__EXERCISE DETAILS__. Beginning with the line that contains "300C 2005-2010 MR1106024", retype the entries below exactly, ending with the line that contains "Bild 1 Versicherungs-Vermittlung". Leave out any pictures.

__PROVIDED MATERIAL__.
________

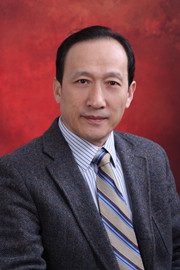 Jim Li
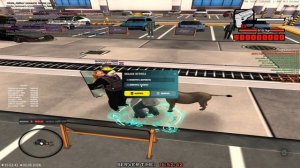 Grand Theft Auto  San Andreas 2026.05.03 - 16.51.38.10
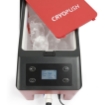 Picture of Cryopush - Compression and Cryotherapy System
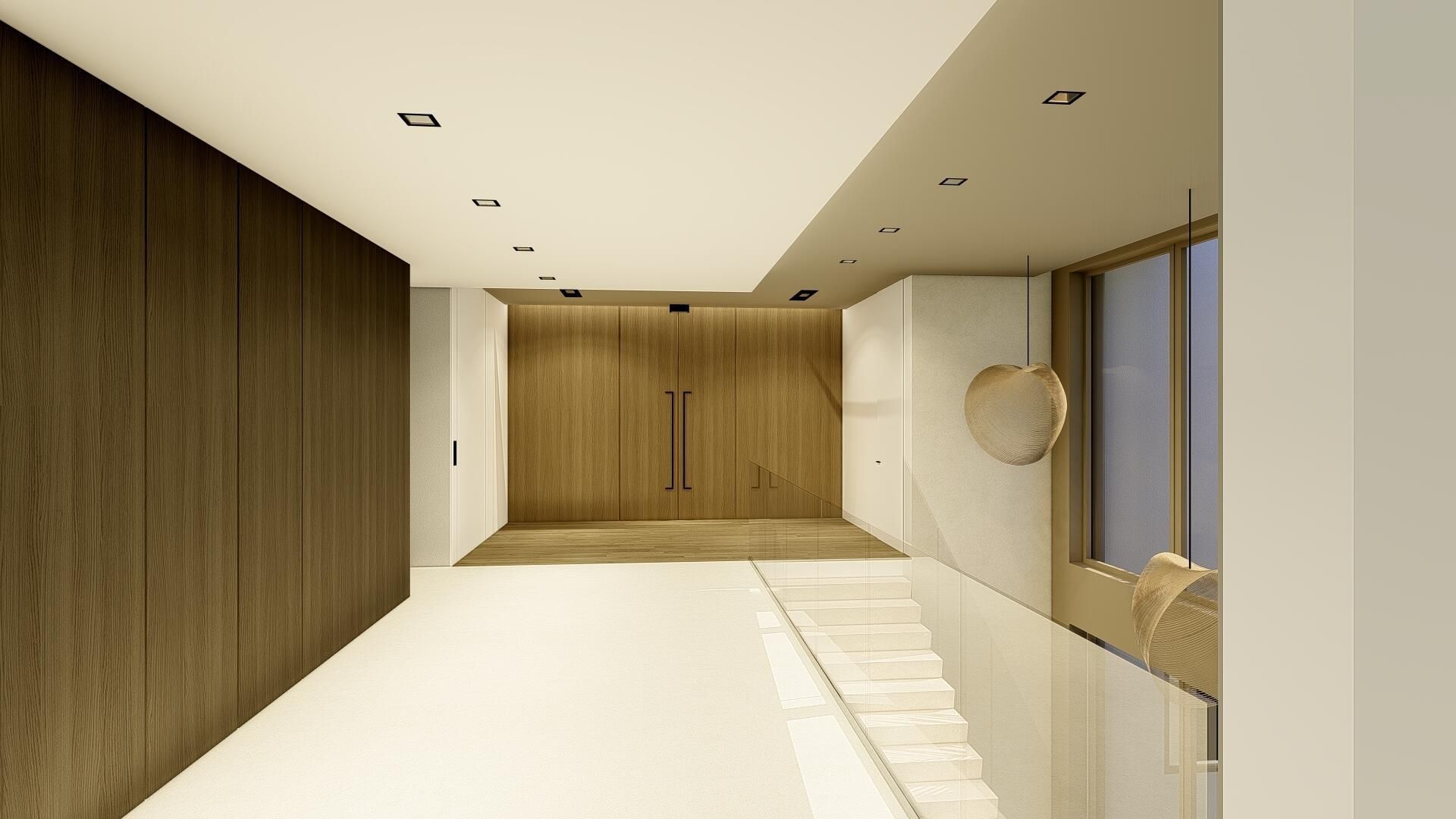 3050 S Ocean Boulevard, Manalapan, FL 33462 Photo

________

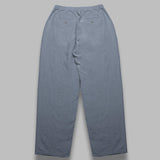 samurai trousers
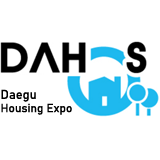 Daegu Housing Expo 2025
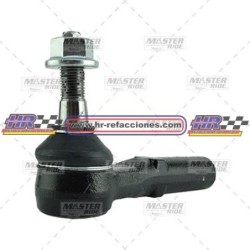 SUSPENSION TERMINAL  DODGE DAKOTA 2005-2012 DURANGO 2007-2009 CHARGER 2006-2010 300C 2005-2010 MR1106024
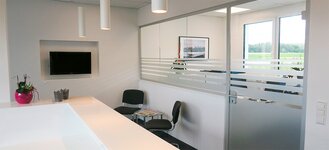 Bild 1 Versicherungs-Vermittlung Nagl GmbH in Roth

________

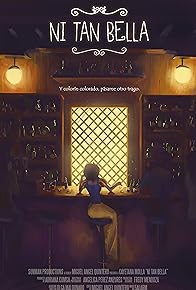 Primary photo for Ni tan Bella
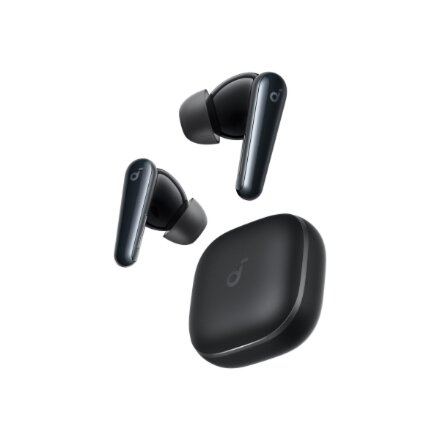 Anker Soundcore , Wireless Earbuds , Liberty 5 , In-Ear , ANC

________

__SOLUTION BELOW__.
 SUSPENSION TERMINAL  DODGE DAKOTA 2005-2012 DURANGO 2007-2009 CHARGER 2006-2010 300C 2005-2010 MR1106024
 Bild 1 Versicherungs-Vermittlung Nagl GmbH in Roth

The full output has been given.